Daha zayıf olan Devdalga Tao Askeri formasyonu, Xiangliu Fang’ı geri çekilmeye zorlayacak güce sahipti. Yaksha Tao Askeri formasyonu da onu baskılayabiliyordu.

 

“Onları yenebilmemiz mümkün değil.” Xiangliu Fang başını iki yana salladı. “Yanımızda birkaç tane Kayıp Ölümsüz olsa bile herhangi bir şey değişmeyecektir.”

 

“Malikanede toplam beş saray var.” Gençateş Nong konuştu. “Şu anda birini bağlamış durumdayım. Diğer iki saraya kolayca geçebileceğimizi düşünüyorum; ancak son iki saray sıkıntı.”

 

“Genç efendi Gençateş, iki saraya gitme konusunda kendinize güveniyor musunuz?” Mu Kuzeyoğul şaşırmıştı. “İkisine gidebiliyorsanız, dördüne neden gidemiyorsunuz?”

 

Grup Gençateş Nong’a bakıyordu, akılları karışmıştı. Dışarıda bekleyen iki yaratık oluşumunu nasıl geçeceklerdi?

 

“Anlamıyorsunuz.” Gençateş Nong gülümsedi. “Hazine Deposu’nu bağlamayı bitirdim. Bu saray epeyi geniş ve beş ana sütundan birisi, on bin kilometre çapındaki bölgeyi etkileyebilecek güce sahip. Yani malikanenin anahtarını kullanarak bir koridor açabilirim ve bu on bin kilometrelik bölgenin herhangi bir yerine sizi götürebilirim.”

 

Eğer o iki yaratık oluşumu dışarıda durmaya devam ederse onlardan binlerce kilometre uzağa gidebiliriz. Ardından, Fang Amca’nın atlatma yeteneklerine bel bağlayarak bir sonraki saraya gidebiliriz.”

 

Ning ve diğerleri onayladı.

 

“Beş sarayı bağladığımda, bu malikanenin istediğim noktasına gidebilirim!” Gençateş Nong iç çekti. “Ancak, henüz daha bir sarayı bağlayabildim.”

 

“Genç efendi Gençateş, bu yeteneği kullanarak.” Xue Hongyi keyifle sordu. “Diğer dört saraya kolayca gidemez miyiz? Sonuçta yaratıklar bize engel olamayacak.”

 

“Yanılıyorsun.” Gençateş Nong başını iki yana salladı ve iç çekti. “Bu malikanede uzun zamandır yaşıyorlar ve bu yüzden sarayların güçlerini unutmuşlar; lakin bu sarayın gücünü kullanarak binlerce kilometre uzakta ortaya çıkarsak… Tekniği kullandığımız gibi bunu yapabildiğimizi öğrenecekler.

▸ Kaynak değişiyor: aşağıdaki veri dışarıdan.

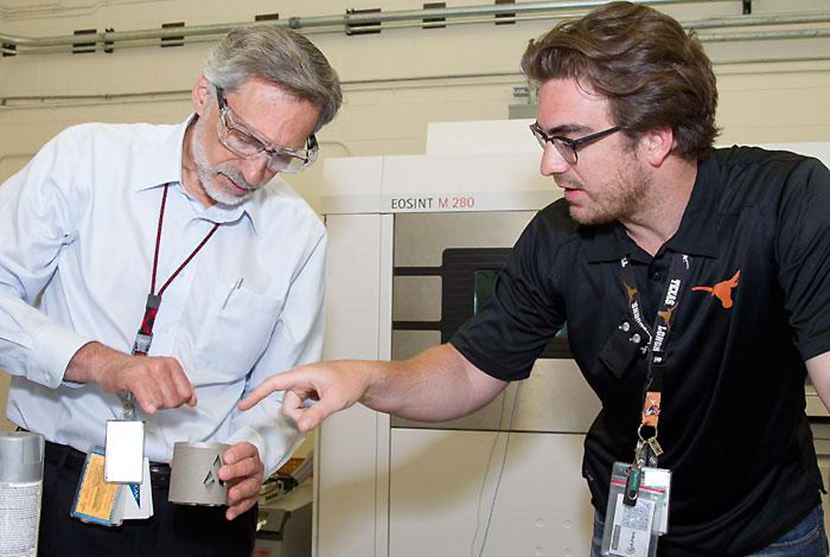 (Right): Cameron Knapp (Sigma Division, SIGMA-DO) shows Laboratory Director Charlie McMillan a sample that was created using additive manufacturing techniques. 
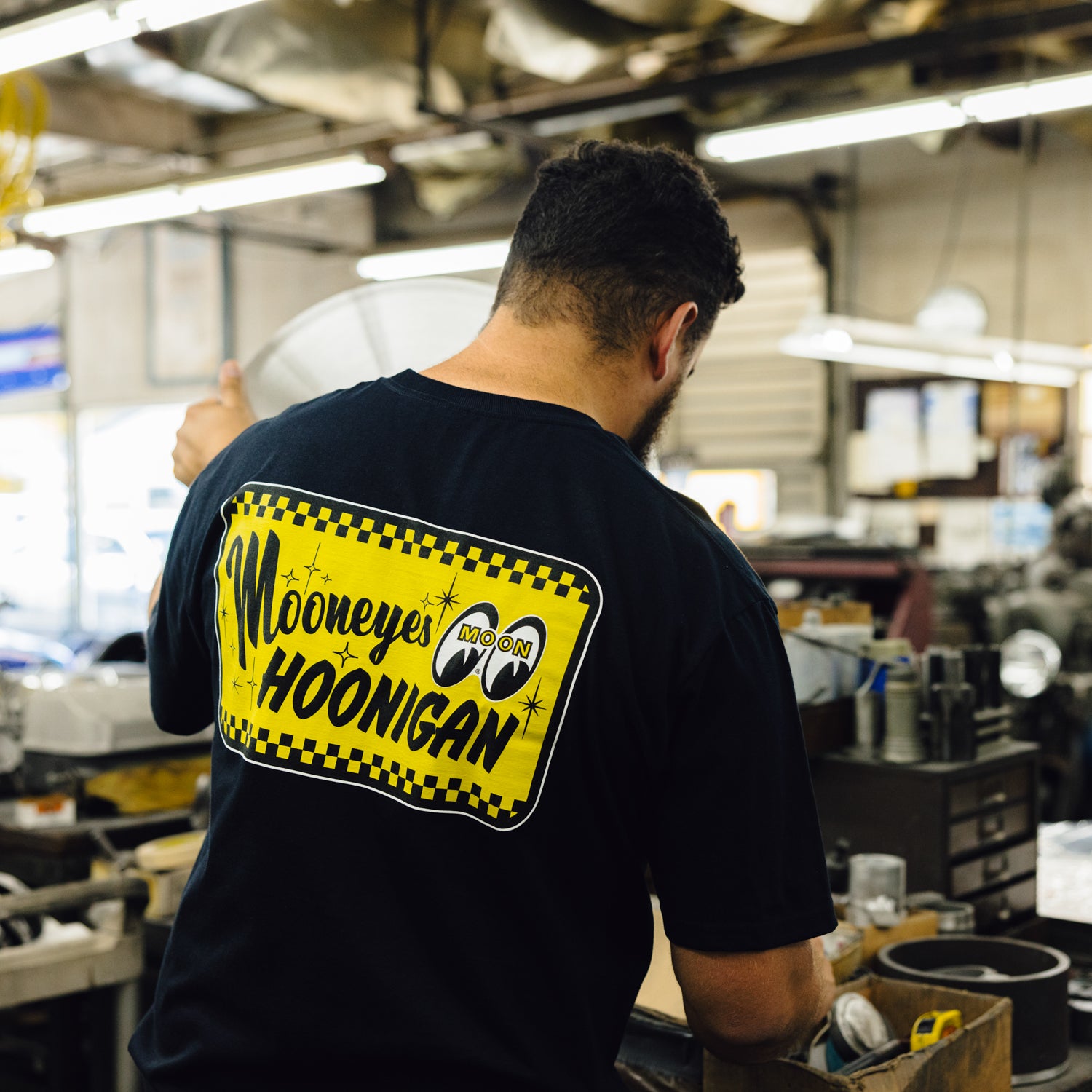 "Black short sleeve tee featuring Hoonigan x Mooneyes logo and 'GO WITH HOON' text, displayed on a flat surface."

Böylece, bağlamadığım bölgelere koruma yerleştirecekler.”

 

Grubun ifadeleri kararmıştı. Doğru ya! Beş büyük saray… Yaratıkların onları dışarıda beklemesi gereksizdi. Henüz bağlanmamış sarayların etrafını çevirebilirlerdi! Bu malikaneyi bağlamak için, Gençateş Nong’un dışarıya çıkması gerekiyordu.

 

“Avı yakalamak için beklemek!” Ning kendi kendine konuştu. “Bağlanmamış saraylar…Gençateş Nong’un bu bölgelere gitmesi gerekiyor. Bağlanmamış bölgeleri çevirirlerse… O zaman onlardan kaçınmak mümkün olmayacaktır.”

 

Avı yakalamak için beklemek aslen pek de güven vermeyen bir teknikti; lakin bu teknik grubun zayıf noktasını hedef alıyordu; Ning’in grubu elbet bu tuzağa düşecekti.

 

“Neyse, yapacak bir şey yok. Önce diğer iki sarayı bağlayalım.” Gençateş Nong konuştu. “Gidelim!”

 

……

 

Hazine Deposu’nu simgeleyen sütunun hemen yanında…

 

İki güçlü yaratık oluşumu burada bekliyordu. Devdalga Tao Askeri formasyonu ve Yaksha Tao Askeri formasyonu burada bekliyordu.

 

“Duohe, bu sefer ikimiz de farklılıklarımızı bir kenara bırakıp birlikte çalışarak anahtarı almalıyız.”

 

“Cadısui, eğer Cadınehir klanın bunu yapmaya istekliyse, doğal olarak ben de size katılırım.”

 

 Bu iki yaratık, koskoca Ölümsüz Malikanesi’ndeki en büyük iki güçtü. Biri yaşlı bir Kayıp Ölümsüz, Ölümsüz Duohe’ydi; kendisi yüz bin yıldır yaşıyordu. Diğeriyse Ölümsüz Cadısui’ydi, henüz on bin yılını yeni doldurmuştu. Bu ikili, bugün güç birliği yapacaklarına dair Gökyüzü Taoları’na yemin etmişlerdi.

 

Malikaneden ayrılmak için her şeyi göze almaya hazırlardı.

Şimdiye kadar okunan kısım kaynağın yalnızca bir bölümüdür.